Das mit dem Abtauchen im Urlaub habe ich übrigens gar nicht so fundamental gemeint. Klar kommt die Welt, die lärmende und auch die böse, heutzutage immer mit! Aber selbst ich als Nichtgernschwimmer weiß, dass es schön ist, wenn einem das Wasser mal für ein paar Sekunden die Ohren zuhält. Genießt die letzte Urlaubswoche!

Besitos, Stephan 

tag 21

lieber stephan, 

mit dem abtauchen im urlaub ist das so eine sache. ich bin nicht sicher, dass das im 21. jahrhundert noch übermäßig gut gelingt, schon gar nicht in diesem sommer, und ich weiß auch nicht, für wie erstrebenswert ich das überhaupt halte. nachrichten erreichen mich, per mail, per push-nachricht, neuerdings auch auf meiner uhr. in die ecke werfen kann ich den ganzen krempel stundenweise, aber nicht dauerhaft, weil ich als freie autorin auch im urlaub arbeite, in kleinen dosen, immerhin.

und die welt hört ja nicht auf zu sein, wie sie ist, nur weil ich gerade nicht hinsehe. wenn in russland regimegegner vergiftet werden und in mexiko journalisten in polizeigewahrsam sterben, wenn in offenbach die neuinfektionen durch die decke gehen und in hanau eine demonstration zum gedenken an die opfer des rassistischen anschlags aus fadenscheinigen gründen unterbunden wird, dann möchte ich das zumindest wissen, urlaub hin oder her. ich empfinde dabei die selbe wut, die selbe ohnmacht, die ich auch zuhause empfinden würde. nur dass mein blick dabei aufs meer fällt. das meer, das ich so sehr liebe. das meer, auf dem die griechische küstenwache flüchtlinge auf rettungsinseln aussetzt und ihrem schicksal überlässt.

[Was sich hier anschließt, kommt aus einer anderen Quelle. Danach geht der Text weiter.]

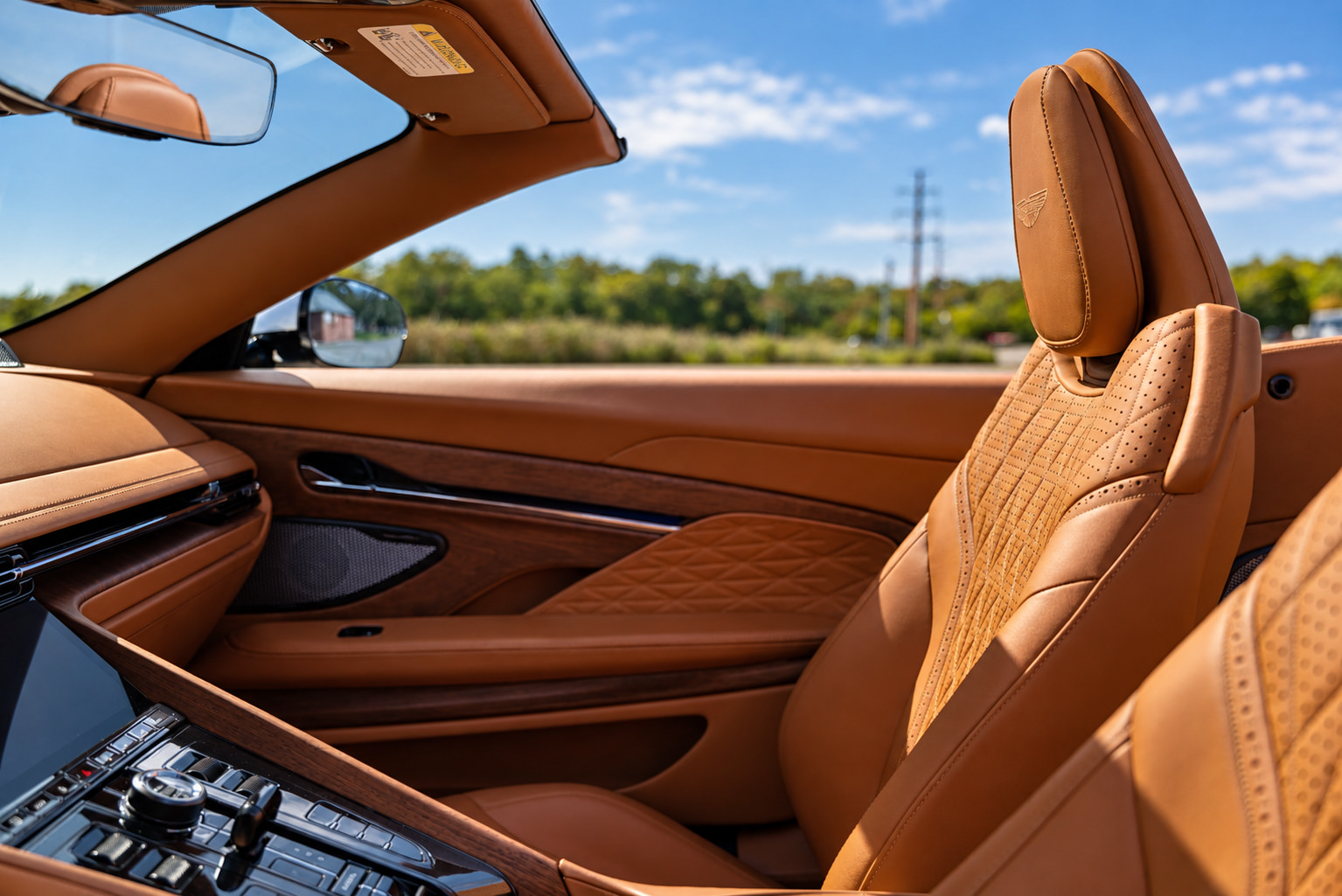 Used 2024 Aston Martin DB12 Convertible RWD image 14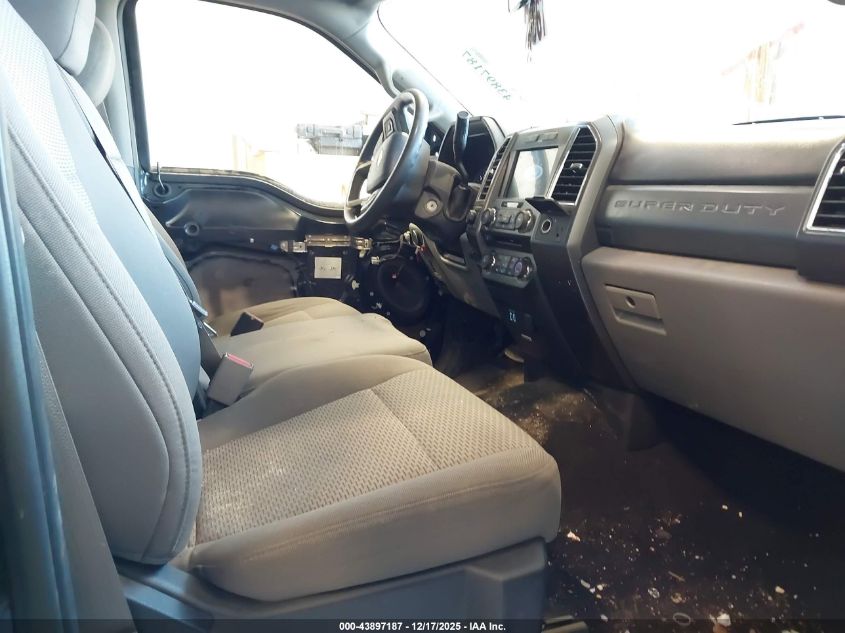 2017 Ford F-350 Xlt VIN: 1FT8W3B64HEE90400 Lot: 43897187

ohne zugang zum internet wäre ein urlaub in griechenland in diesem jahr ohnehin kaum möglich. in einer woche beginnt für uns die rückreise nach deutschland. auf dem hinweg sind wir über ungarn, rumänien und bulgarien gefahren, die EU-route, aber das war ehrlich gesagt nur, weil wir zu viele zigaretten dabei hatten – eine marke, die es hier nicht gibt. jetzt sind die zigaretten alle, wir drehen selbst, mir traurigen, aber irgendwie rauchbaren resultaten, und wollten deshalb auf dem rückweg über serbien und kroatien abkürzen. serbien darf man derzeit aber nur passieren, wenn man sich zuvor nicht länger als zwölf stunden in bulgarien aufgehalten hat (wobei man griechenland mit dem auto nach wie vor nur über den bulgarischen grenzübergang verlassen kann). und zwischen österreich und slowenien stehen reisende zwölf stunden lang im stau, weil die grenzkontrollen verschärft wurden. 

wir werden sehen. bis dahin sehe ich das meer und die olivenbäume.